IoT needs Machine Learning. Our Health depends on it.

Machine learning used to sound futuristic, but now it’s here as an accepted subfield of computer science and artificial intelligence. It involves the construction of systems that can analyze and learn from the data collected from the expanse of devices and sensors connected to the Internet of Things. Most excitingly, it exists now around us, albeit at a simplistic level.  Consider Pandora, which recently announced it will be acquired by Sirius XM. It studies your preferences and predicts from the data which songs you might like.  Amazon is of course the pioneer in this area, always suggesting books and other items based on your buying choices.  In other words, machines are looking at data and finding patterns and similarities that can be used to predict your preferences and behaviors.

Where else can this go? The better question is, “Where can’t it go?”

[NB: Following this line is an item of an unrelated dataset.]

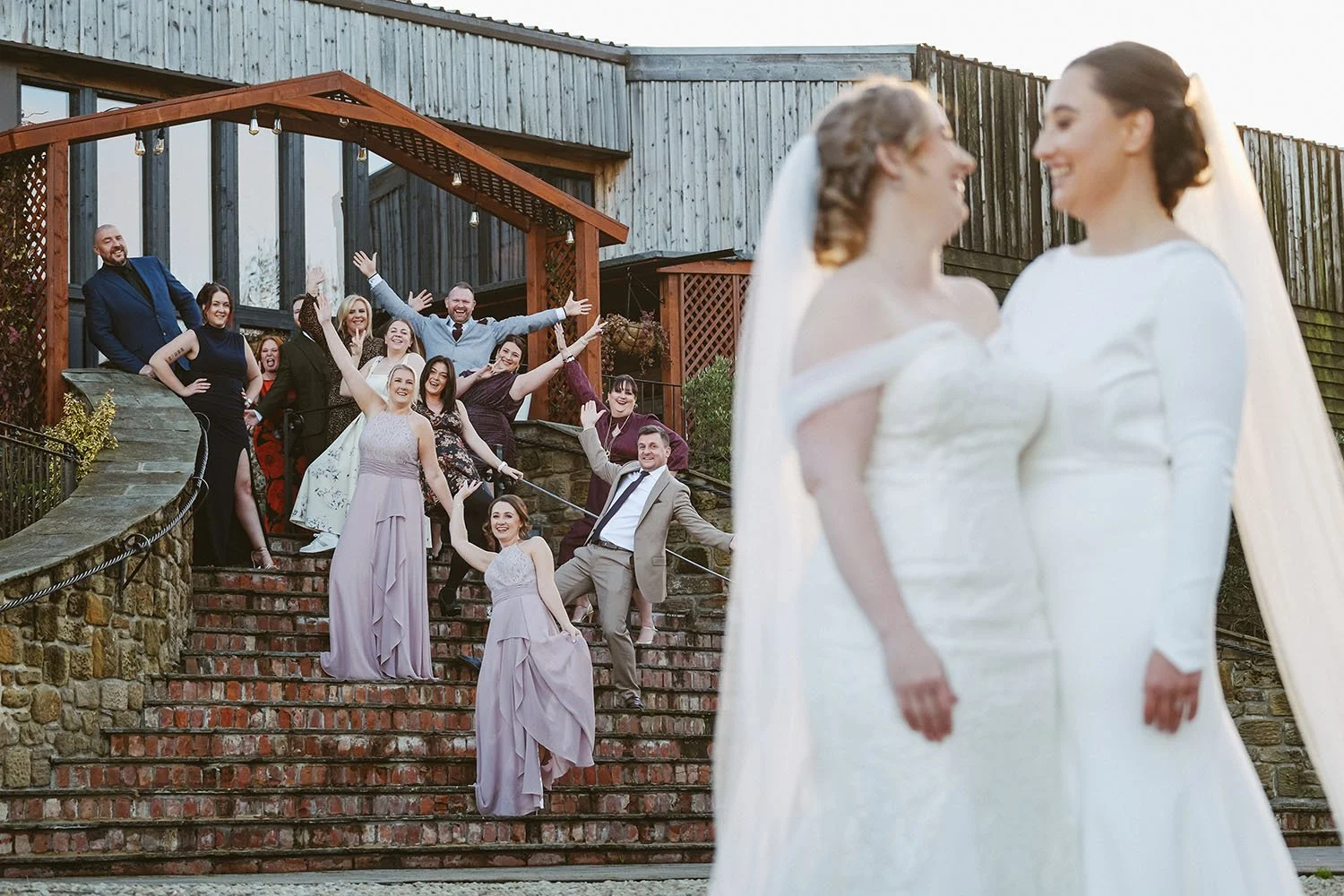 South Causey Inn wedding: two brides in veils smiling at each other in the foreground while the wedding party poses playfully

For instance, health wearables can already track and sense our various bodily functions and movements. In the near future,  biochips or sensors will follow our heart rate, our temperature, and our blood sugar throughout the day.  Machines will be able to read this data, find patterns, and establish normal ranges for each of us. And it will all be done with real time data – before your heart attack occurs. A human at the other end of the data stream would never be able to analyze the data from hundreds of patients, and assess particular abnormalities for each one.  Machines will have no such limitations.

Those machines aggregating this big data stream could establish similarities, correlations and abnormalities and quickly pinpoint health data outside our norms, flag the information and alert our doctors. That’s why telehealth is such a fascinating and transformative piece of the machine learning story.

It’s time to let machines keep us healthy.